I create PDF documents from Markdown documents using the simplest pandoc command:
pandoc my.md -o my.pdf
The figures inside the PDF are all stretched, i.e: 100% width.
Which configuration should I give to pandoc to leave the figures as is without changing figure size.
Currently you cannot control that feature directly from Markdown.
In recent months there have been some discussions going on in the Pandoc developer + user community about how to best implement it and create an easy-to-use syntax, for example
![Image Caption](./path/to/image.jpg "Image Comment"){width="60%", height="150px"}
(Warning: Example only, made up on the fly and drawn out of thin air by myself -- can't remember the latest state of the discussion...) This is designed to then transfer to all the supported output formats which can contain images, not just PDF.
So this is planned to be a major new feature for the next major release of Pandoc.
As you may or may not know, Pandoc doesn't create the PDFs itself. It produces LaTeX and employs LaTeX technology (by default its pdflatex command) to convert the LaTeX to PDF (then deleting the intermediate LaTeX files).
To execute some (limited) control about how the LaTeX/PDF pages (or other outputs) look like, Pandoc uses template files. You can look at the exact template definitions your own Pandoc version uses for LaTeX/PDF output by running
pandoc -D latex
So if you are a LaTeX hacker (or know one), you are able to modify that or create your own template from scratch.

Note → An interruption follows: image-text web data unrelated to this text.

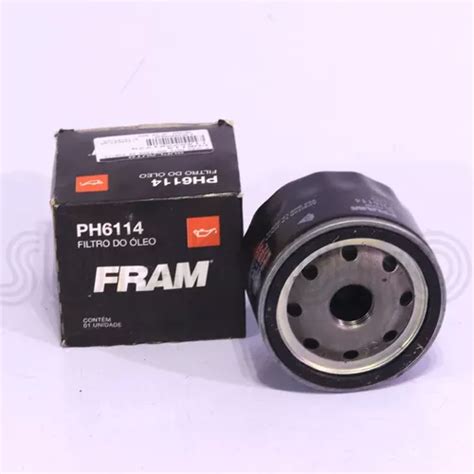 Filtro De Oleo Ph Bmw F Gs Fram Ph Parcelamento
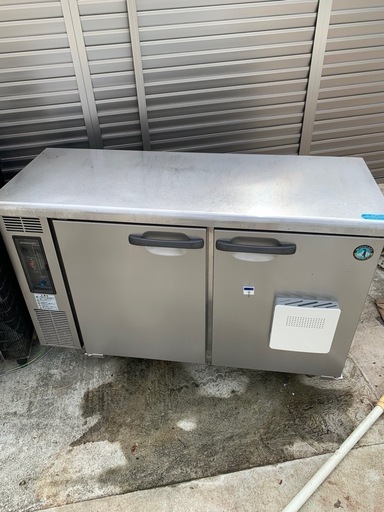 ☆ホシザキ☆台下冷蔵庫 RT-120PNC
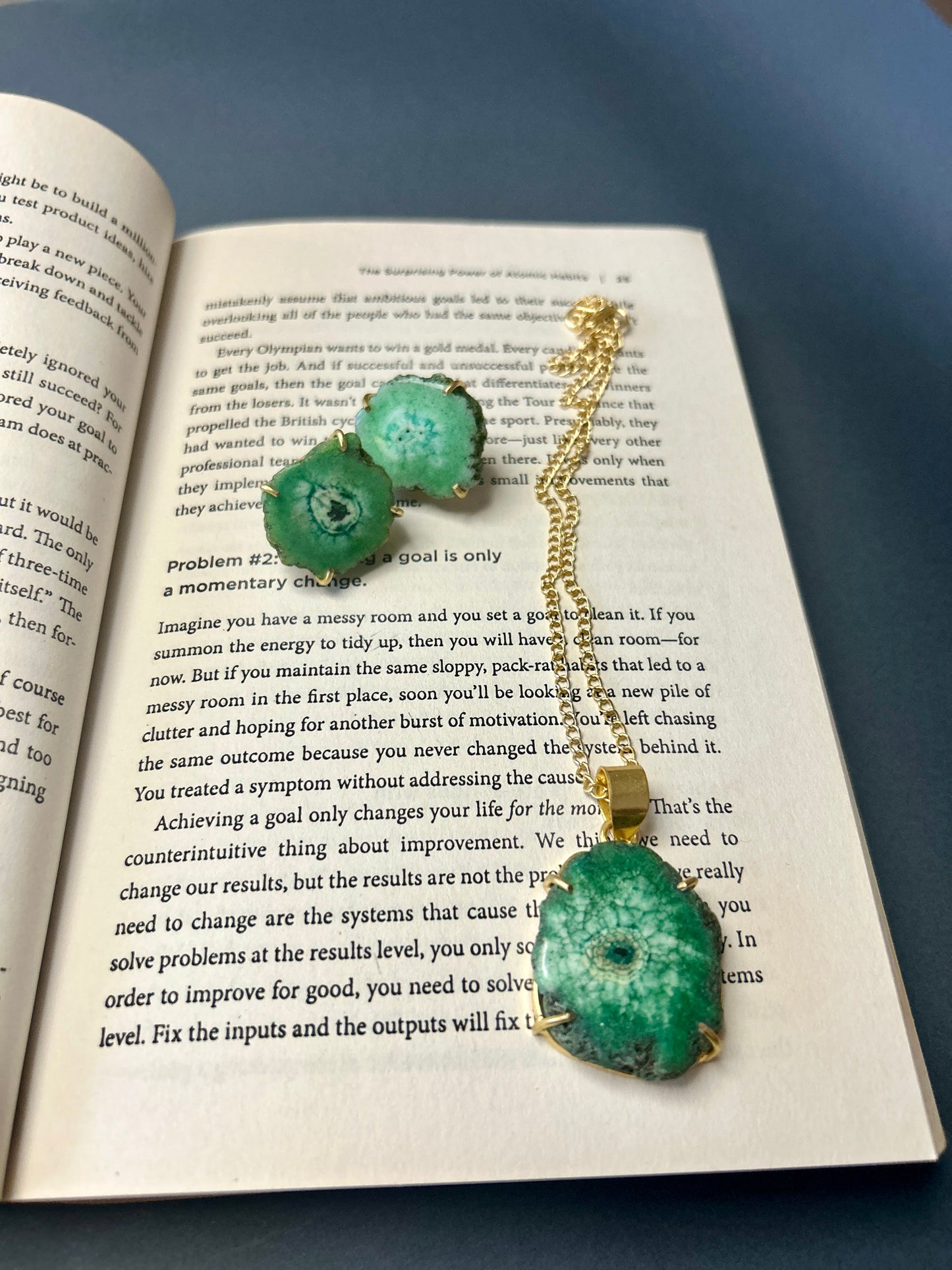 Noor Necklace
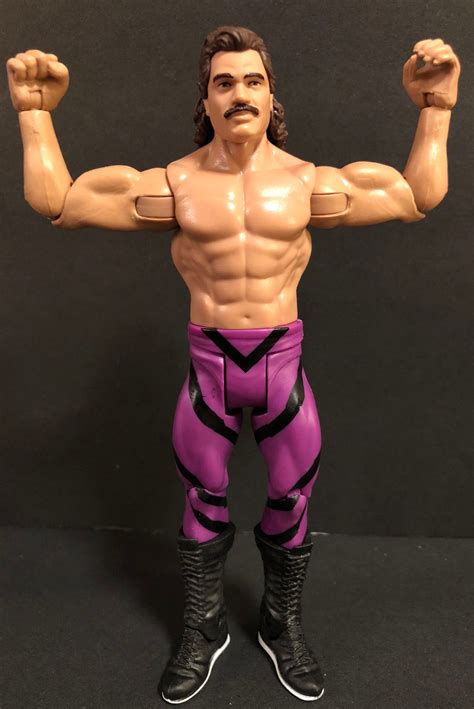 WWE Flashback Mattel Figures Should be Part of Your Collection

In the current release of Pandoc (v1.13.2.1), there is this code snippet in the LaTeX template:
\makeatletter
\def\maxwidth{\ifdim\Gin#nat#width>\linewidth\linewidth\else\Gin#nat#width\fi}
\def\maxheight{\ifdim\Gin#nat#height>\textheight\textheight\else\Gin#nat#height\fi}
\makeatother
% Scale images if necessary, so that they will not overflow the page
% margins by default, and it is still possible to overwrite the defaults
% using explicit options in \includegraphics[width, height, ...]{}
\setkeys{Gin}{width=\maxwidth,height=\maxheight,keepaspectratio}
This should keep the original image sizes if they fit into the page width, and scale them down to the page width if they don't.
If this is not the behavior you experience with your PDF output, I suspect you are an a rather old version of Pandoc.
For using your own template instead of the builtin internal one, you can add
--template=/path/to/myown-template.latex
to the Pandoc command line.
#KurtPfeifle Thanks for your help. I updated the latex to set static width and hight for the images using the tip.
In my latex template I have:
\setkeys{Gin}{width=128pt,height=192pt,keepaspectratio}
This works great for the mobile images. But I also have a cover page, where the cover figure is now small sized.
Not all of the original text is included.